The following revision refers to this bug:
  https://chromium.googlesource.com/chromium/src.git/+/9989bd51828a155d65cd9131cee6700d2bb3164e

commit 9989bd51828a155d65cd9131cee6700d2bb3164e
Author: bnc <bnc@chromium.org>
Date: Wed Jul 13 23:09:40 2016

Remove ALTERNATIVE_CERT_NOT_VALID_FOR_ORIGIN error code.

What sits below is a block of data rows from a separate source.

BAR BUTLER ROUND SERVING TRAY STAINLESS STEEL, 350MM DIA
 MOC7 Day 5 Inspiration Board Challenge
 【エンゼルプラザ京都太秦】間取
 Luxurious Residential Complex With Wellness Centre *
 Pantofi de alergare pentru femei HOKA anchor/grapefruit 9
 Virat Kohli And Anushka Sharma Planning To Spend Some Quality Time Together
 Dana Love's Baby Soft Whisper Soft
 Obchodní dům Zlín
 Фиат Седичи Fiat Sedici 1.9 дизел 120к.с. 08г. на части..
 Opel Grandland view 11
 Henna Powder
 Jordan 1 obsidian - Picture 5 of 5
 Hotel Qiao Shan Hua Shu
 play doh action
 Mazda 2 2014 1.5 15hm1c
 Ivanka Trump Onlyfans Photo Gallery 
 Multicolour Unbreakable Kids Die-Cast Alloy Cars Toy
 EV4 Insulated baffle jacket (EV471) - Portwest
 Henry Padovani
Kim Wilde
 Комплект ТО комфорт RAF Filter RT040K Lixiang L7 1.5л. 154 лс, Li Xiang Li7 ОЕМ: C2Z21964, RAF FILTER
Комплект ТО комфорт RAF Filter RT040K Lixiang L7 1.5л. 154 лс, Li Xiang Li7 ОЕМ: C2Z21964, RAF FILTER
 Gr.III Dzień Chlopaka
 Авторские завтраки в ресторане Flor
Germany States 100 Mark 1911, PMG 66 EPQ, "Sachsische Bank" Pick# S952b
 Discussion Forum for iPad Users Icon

Remove ERR_ALTERNATIVE_CERT_NOT_VALID_FOR_ORIGIN error code, because (1) right
now, remote TCP alternative services (where the origin and the alternative
service have different hostnames) are disabled, and (2) in the future, if an
existing connection to the destination of the alternative service with an origin
different from the origin of the request does not have a valid certificate for
the origin of the request, then a new connection to the destination of the
alternative service will be opened with the origin of the request, and if that
connection does not have a valid certificate for the origin of the request, then
that's simply ERR_CERT_COMMON_NAME_INVALID.  So there is no need for
ERR_ALTERNATIVE_CERT_NOT_VALID_FOR_ORIGIN.

Also remove ValidSpdySessionPool class, because (1) right now there is no need
for the extra cert verification, and (2) in the future,
SpdySessionPool::FindAvailableSession() and
SpdySessionPool::CreateAvailableSessionFromSocket() will take both an origin and
a destination argument, and will make sure that the SpdySession they return has
a certificate that is valid for the origin.

BUG=615413

Review-Url: https://codereview.chromium.org/2152453002
Cr-Commit-Position: refs/heads/master@{#405342}

[modify] https://crrev.com/9989bd51828a155d65cd9131cee6700d2bb3164e/net/base/net_error_list.h
[modify] https://crrev.com/9989bd51828a155d65cd9131cee6700d2bb3164e/net/http/http_network_transaction_unittest.cc
[modify] https://crrev.com/9989bd51828a155d65cd9131cee6700d2bb3164e/net/http/http_stream_factory_impl_job.cc
[modify] https://crrev.com/9989bd51828a155d65cd9131cee6700d2bb3164e/net/http/http_stream_factory_impl_job.h

> We explicitly do *not* enforce that alternate connections use HTTP/2. I believe this was simply a mistake in how the header works. QUIC vs non-QUIC have incompatible handshakes, but everything over TLS/TCP upgrades.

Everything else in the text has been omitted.